● RECORDS FOR THIS EXERCISE:

□ □ □

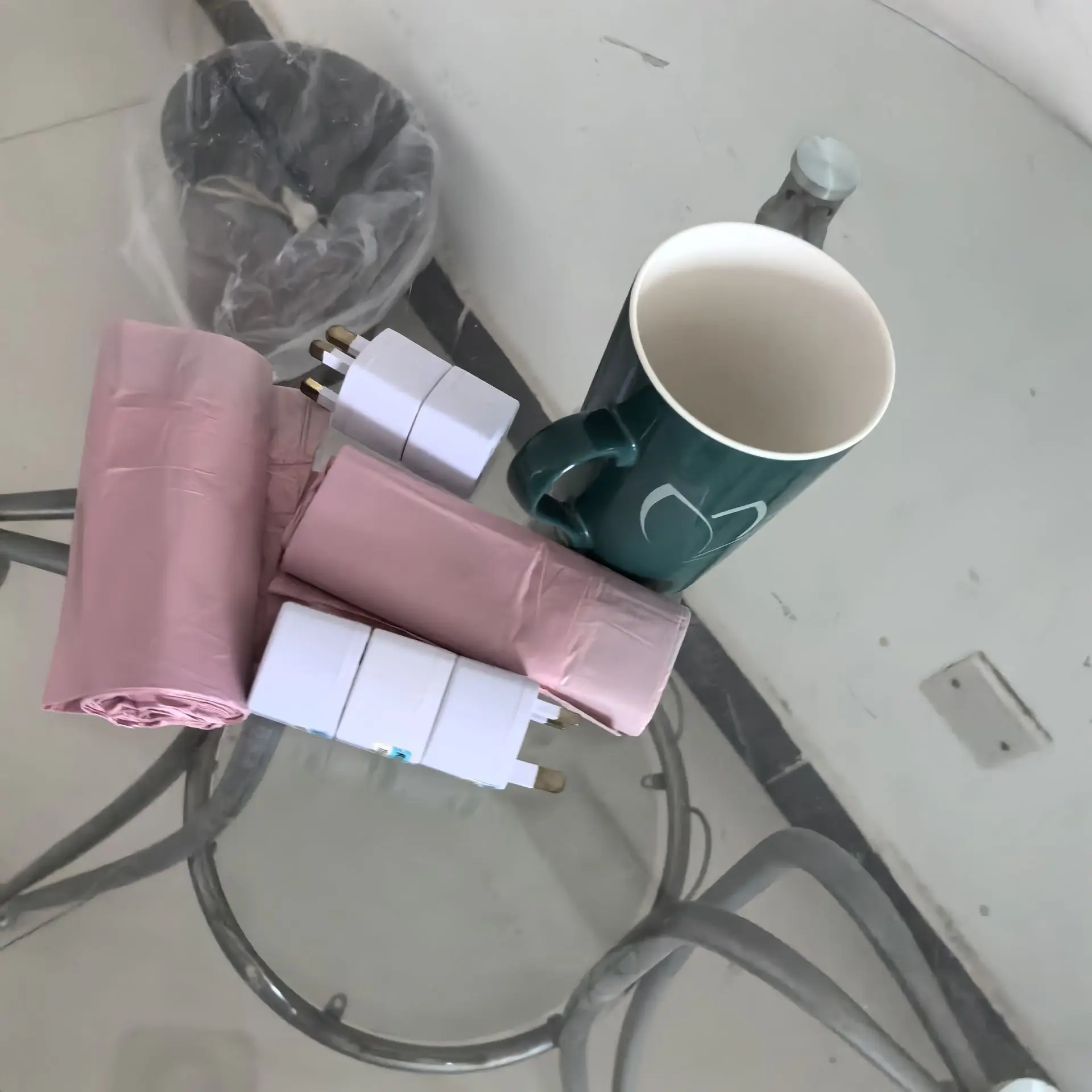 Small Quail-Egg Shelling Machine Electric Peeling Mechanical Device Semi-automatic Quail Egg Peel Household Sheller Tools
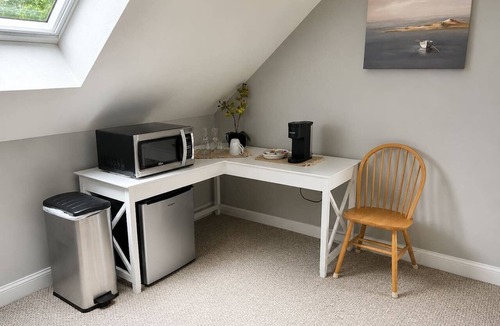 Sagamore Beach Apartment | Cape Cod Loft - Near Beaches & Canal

□ □ □

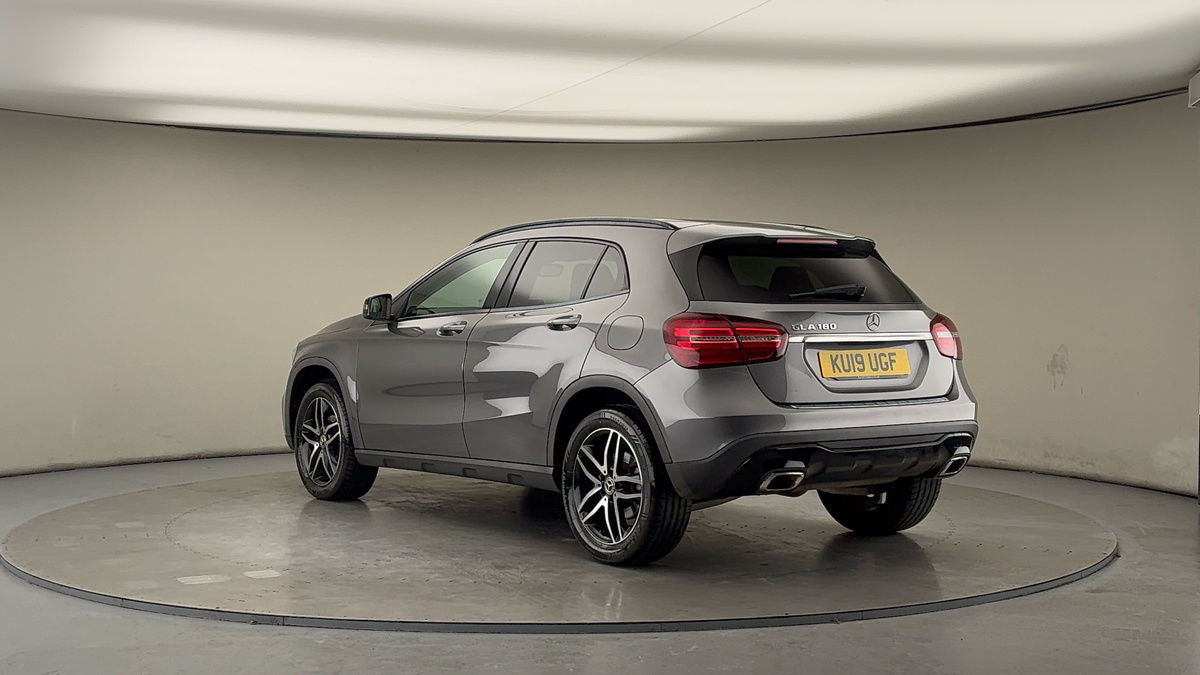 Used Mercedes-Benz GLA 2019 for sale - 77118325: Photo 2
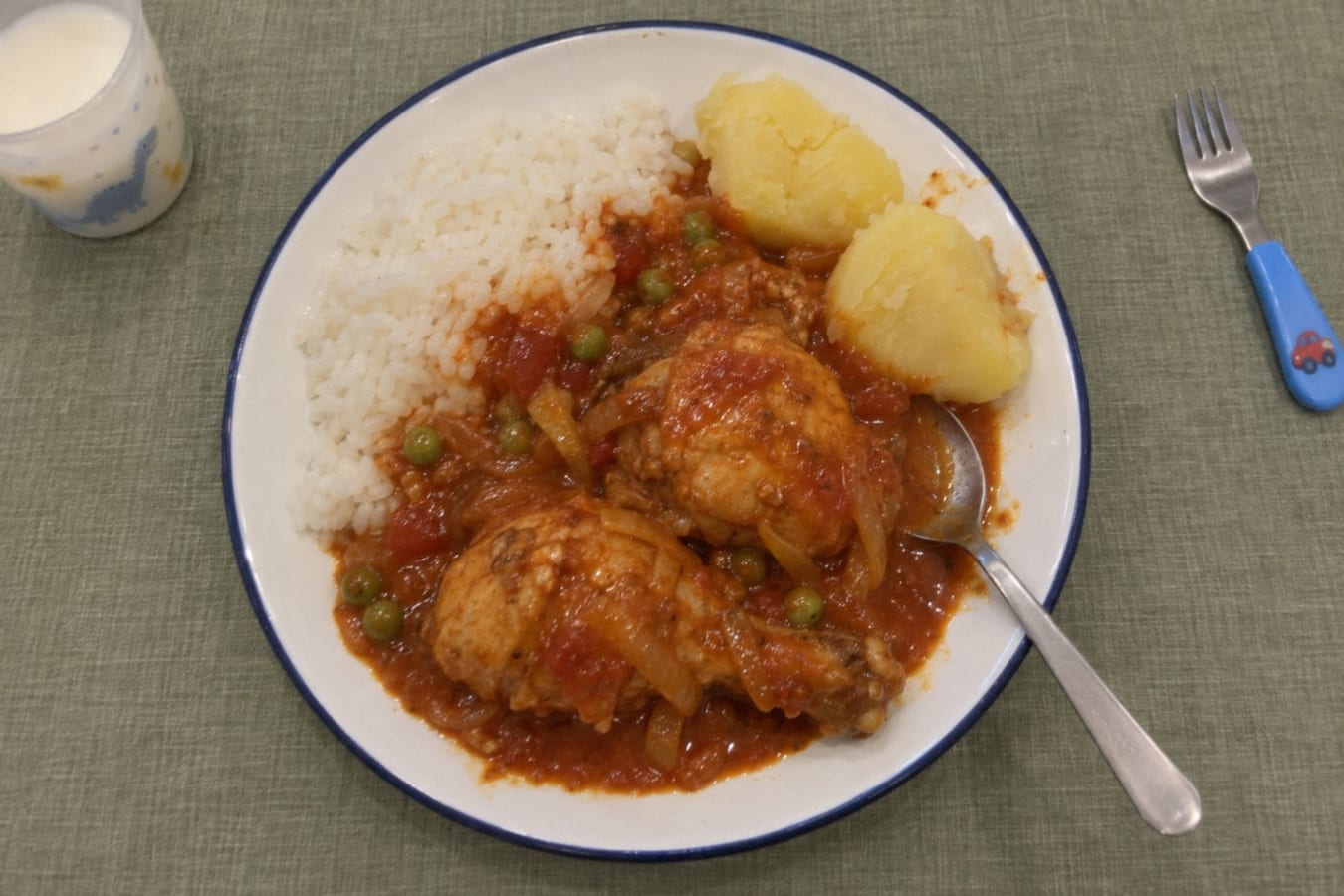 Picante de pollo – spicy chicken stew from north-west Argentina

□ □ □

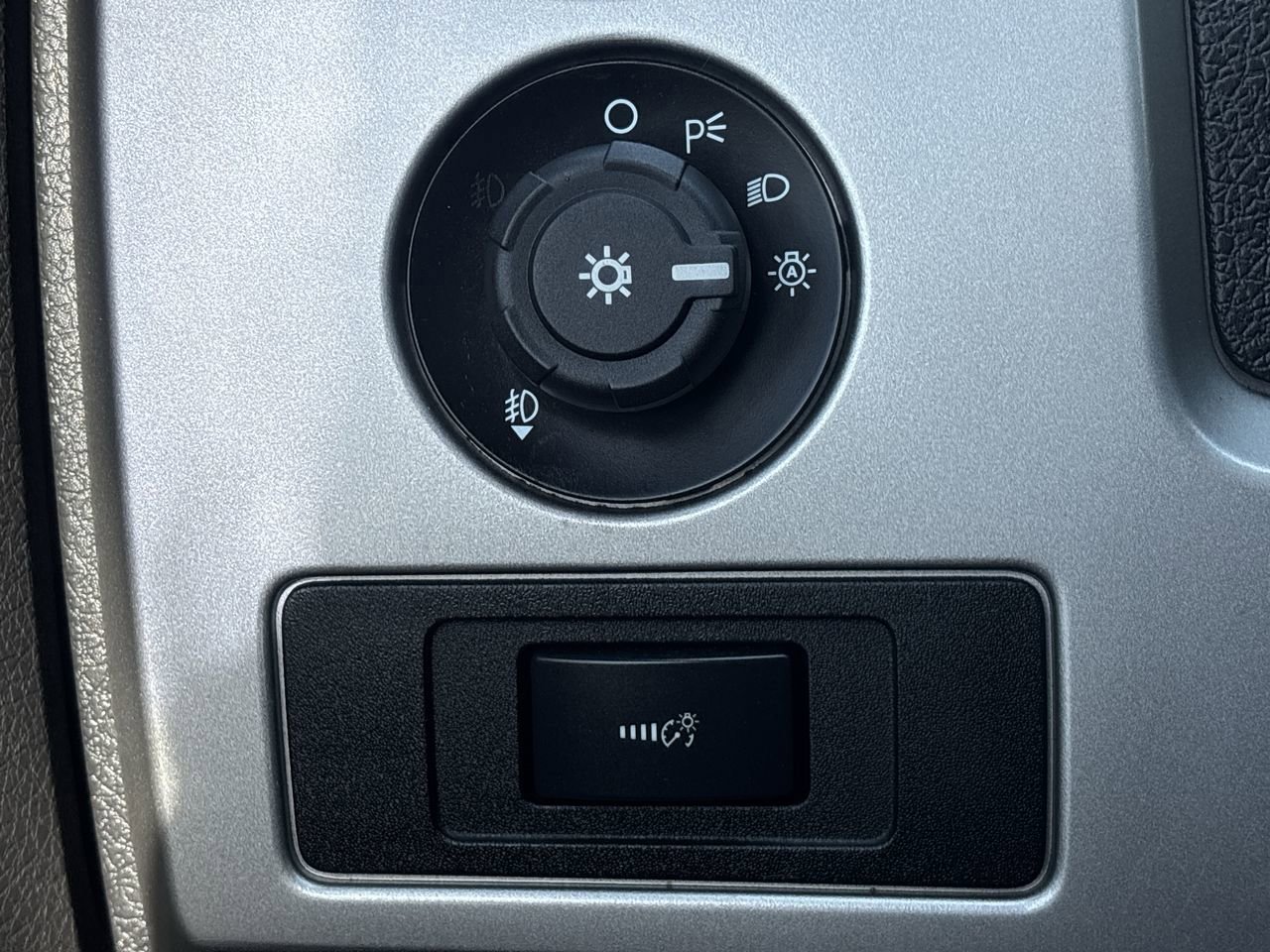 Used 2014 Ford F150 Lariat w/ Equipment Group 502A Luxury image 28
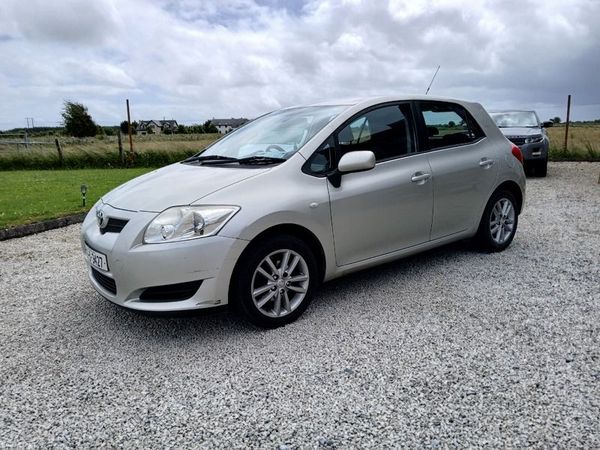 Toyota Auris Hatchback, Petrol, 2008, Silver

□ □ □

● DESCRIPTION OF THE TASK:
In the records above, copy exactly everything from the line that has "Small Quail-Eg" down to the line that has "Sagamore Beach Apartment", both ends included, and leave out the pictures.

● EXERCISE ANSWER:
 Small Quail-Egg Shelling Machine Electric Peeling Mechanical Device Semi-automatic Quail Egg Peel Household Sheller Tools
 Sagamore Beach Apartment | Cape Cod Loft - Near Beaches & Canal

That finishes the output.